### Exercise instructions
The output is the lines below from the one with "Hi, I'm Eric" through the one with "Hello and welcome", both included, printed exactly and with no other line.

### Dataset excerpts
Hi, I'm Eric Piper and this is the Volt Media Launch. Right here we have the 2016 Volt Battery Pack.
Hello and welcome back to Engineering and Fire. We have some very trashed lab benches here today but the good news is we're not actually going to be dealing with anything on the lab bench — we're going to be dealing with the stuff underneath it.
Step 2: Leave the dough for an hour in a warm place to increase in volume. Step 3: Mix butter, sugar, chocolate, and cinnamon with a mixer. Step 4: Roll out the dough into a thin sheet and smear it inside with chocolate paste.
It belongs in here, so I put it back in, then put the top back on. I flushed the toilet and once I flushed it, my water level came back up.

==

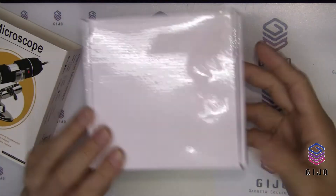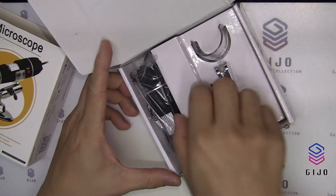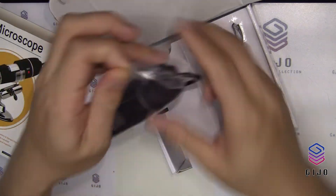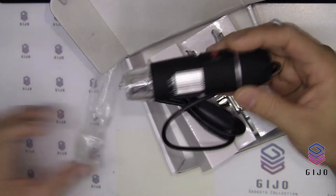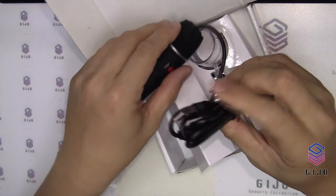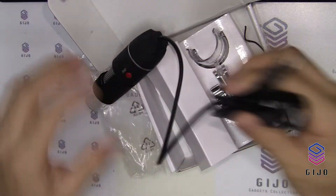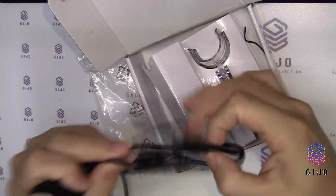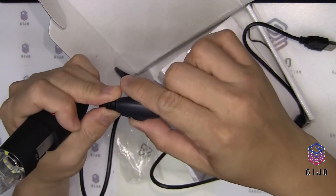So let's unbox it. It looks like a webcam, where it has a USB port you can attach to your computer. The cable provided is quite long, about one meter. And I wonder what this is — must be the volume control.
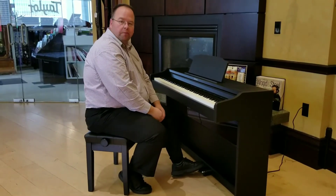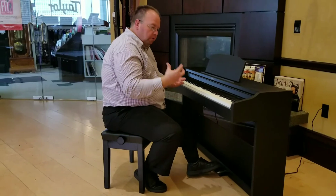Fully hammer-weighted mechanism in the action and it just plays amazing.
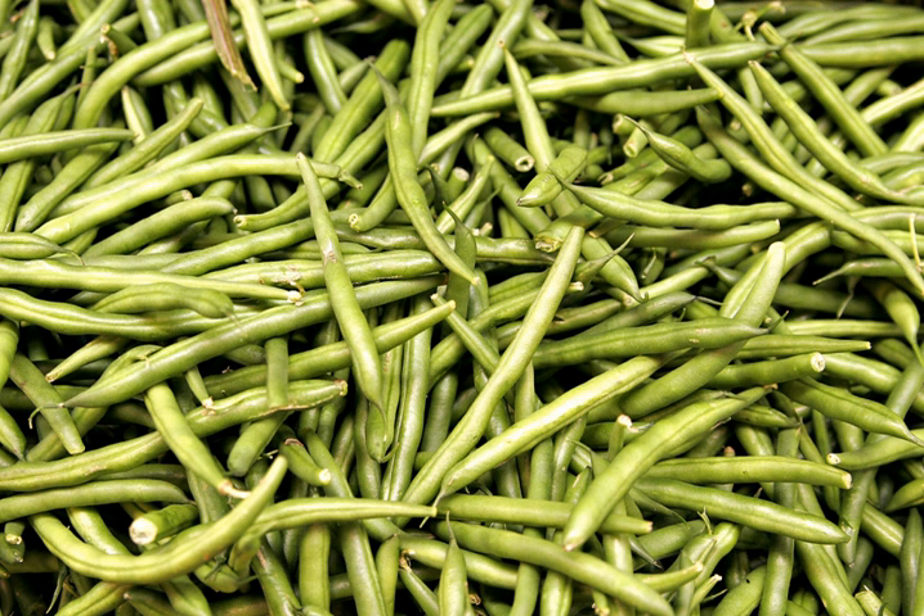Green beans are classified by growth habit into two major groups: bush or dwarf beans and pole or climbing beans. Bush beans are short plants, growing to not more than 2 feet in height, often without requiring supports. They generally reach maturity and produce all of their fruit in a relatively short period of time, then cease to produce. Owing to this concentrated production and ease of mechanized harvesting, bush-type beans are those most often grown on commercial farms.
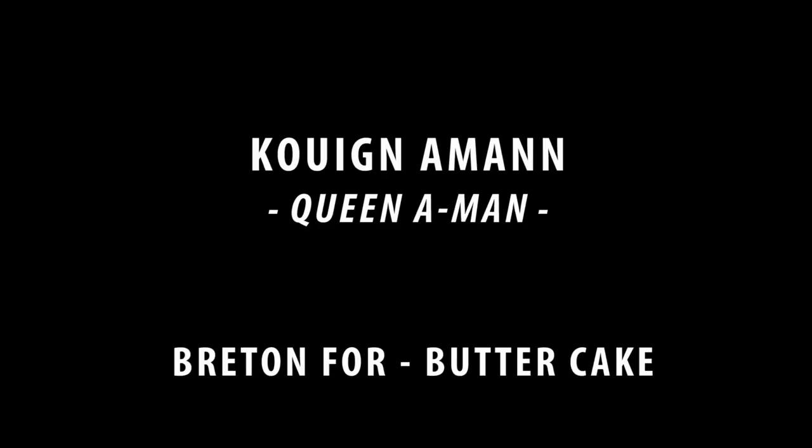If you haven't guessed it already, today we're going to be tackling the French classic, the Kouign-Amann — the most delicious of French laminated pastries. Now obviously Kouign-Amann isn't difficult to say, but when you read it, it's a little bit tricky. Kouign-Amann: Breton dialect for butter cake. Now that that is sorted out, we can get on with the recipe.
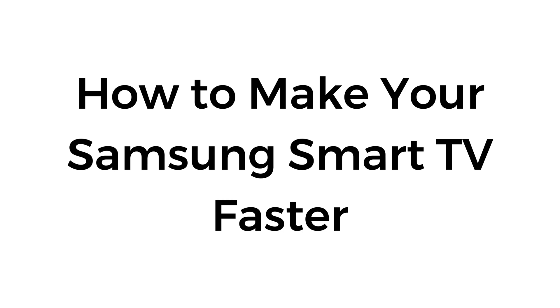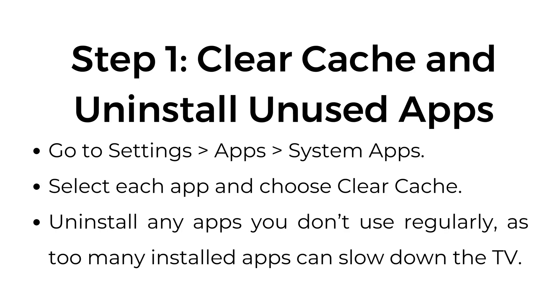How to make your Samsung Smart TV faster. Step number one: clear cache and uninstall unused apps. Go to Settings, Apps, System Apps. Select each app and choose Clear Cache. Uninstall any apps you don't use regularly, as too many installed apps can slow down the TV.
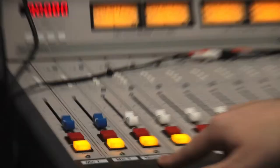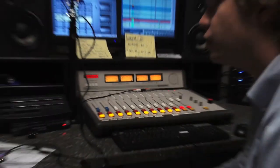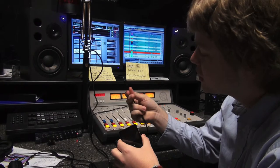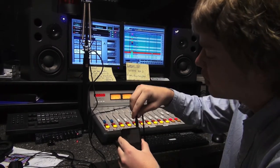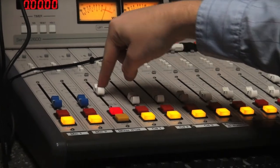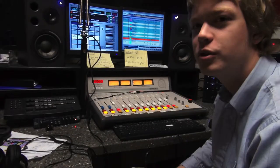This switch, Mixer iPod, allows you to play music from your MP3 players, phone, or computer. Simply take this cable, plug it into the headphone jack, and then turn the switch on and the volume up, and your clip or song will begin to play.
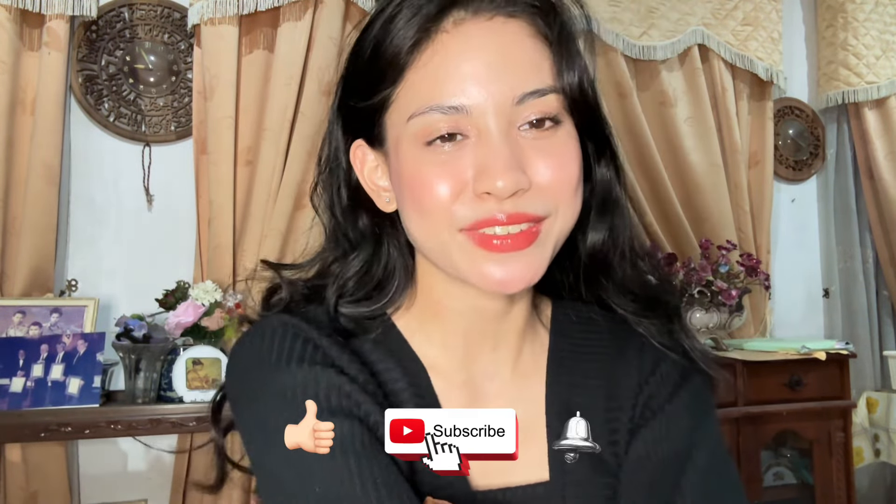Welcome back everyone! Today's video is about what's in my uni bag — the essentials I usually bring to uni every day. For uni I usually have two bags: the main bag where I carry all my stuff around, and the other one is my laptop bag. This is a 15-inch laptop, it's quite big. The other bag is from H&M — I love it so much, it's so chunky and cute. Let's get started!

### Output for this exercise
Hi, I'm Eric Piper and this is the Volt Media Launch. Right here we have the 2016 Volt Battery Pack.
Hello and welcome back to Engineering and Fire. We have some very trashed lab benches here today but the good news is we're not actually going to be dealing with anything on the lab bench — we're going to be dealing with the stuff underneath it.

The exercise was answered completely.